- [Exercise description]:
No pictures go into the copy. Write out exactly the lines below from the one containing "Снять в аренду" through the one containing "For Sale: $385,000".

[[ Extracted records, beginning ]]

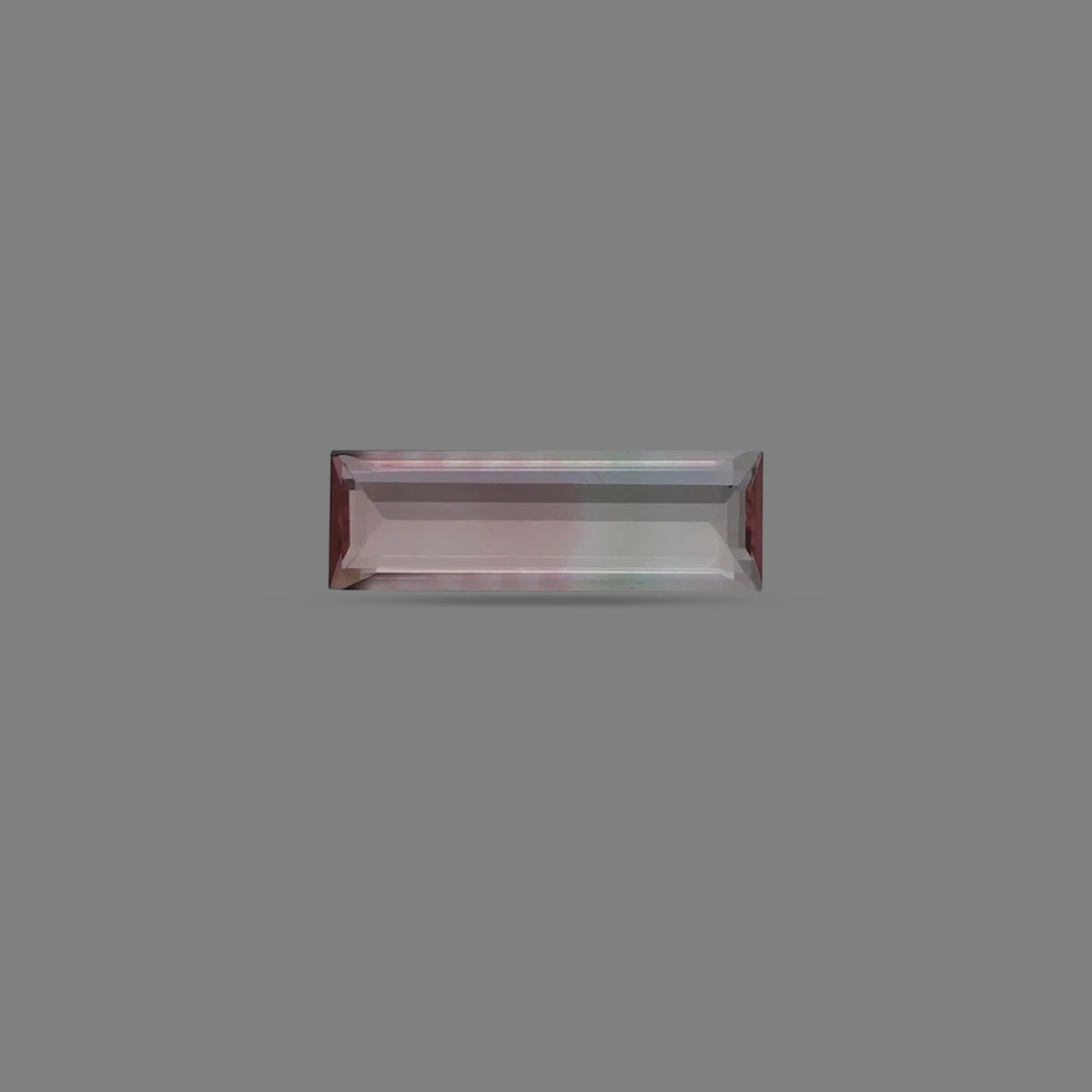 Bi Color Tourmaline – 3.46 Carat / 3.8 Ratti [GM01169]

[[ Extracted records, end ]]
[[ Extracted records, beginning ]]

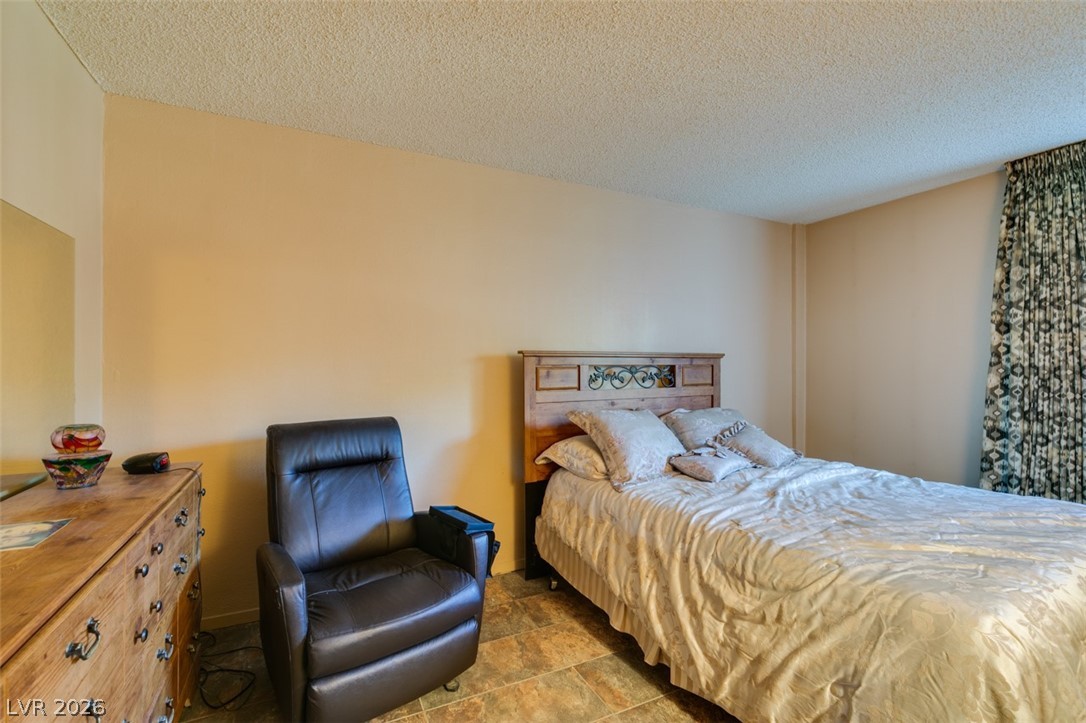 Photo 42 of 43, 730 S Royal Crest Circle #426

[[ Extracted records, end ]]
[[ Extracted records, beginning ]]

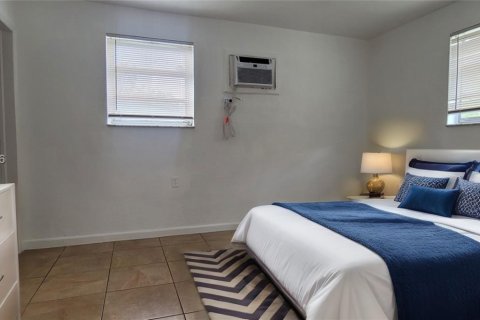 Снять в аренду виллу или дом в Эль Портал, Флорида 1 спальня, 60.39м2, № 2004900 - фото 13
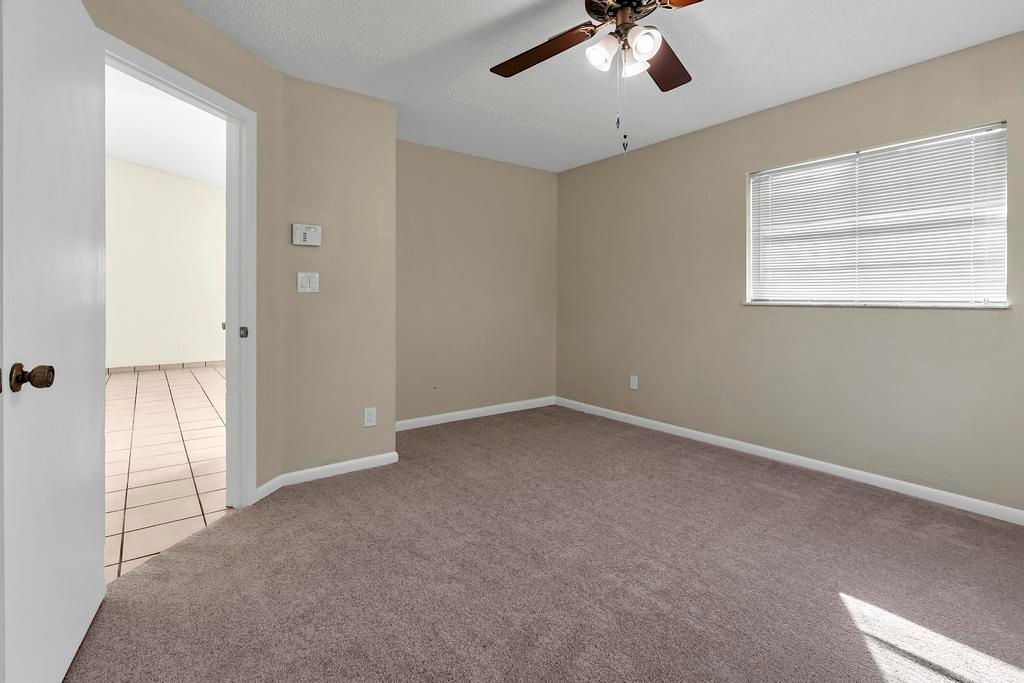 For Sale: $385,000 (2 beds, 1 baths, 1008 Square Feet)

[[ Extracted records, end ]]

- [Exercise answer]:
 Снять в аренду виллу или дом в Эль Портал, Флорида 1 спальня, 60.39м2, № 2004900 - фото 13
 For Sale: $385,000 (2 beds, 1 baths, 1008 Square Feet)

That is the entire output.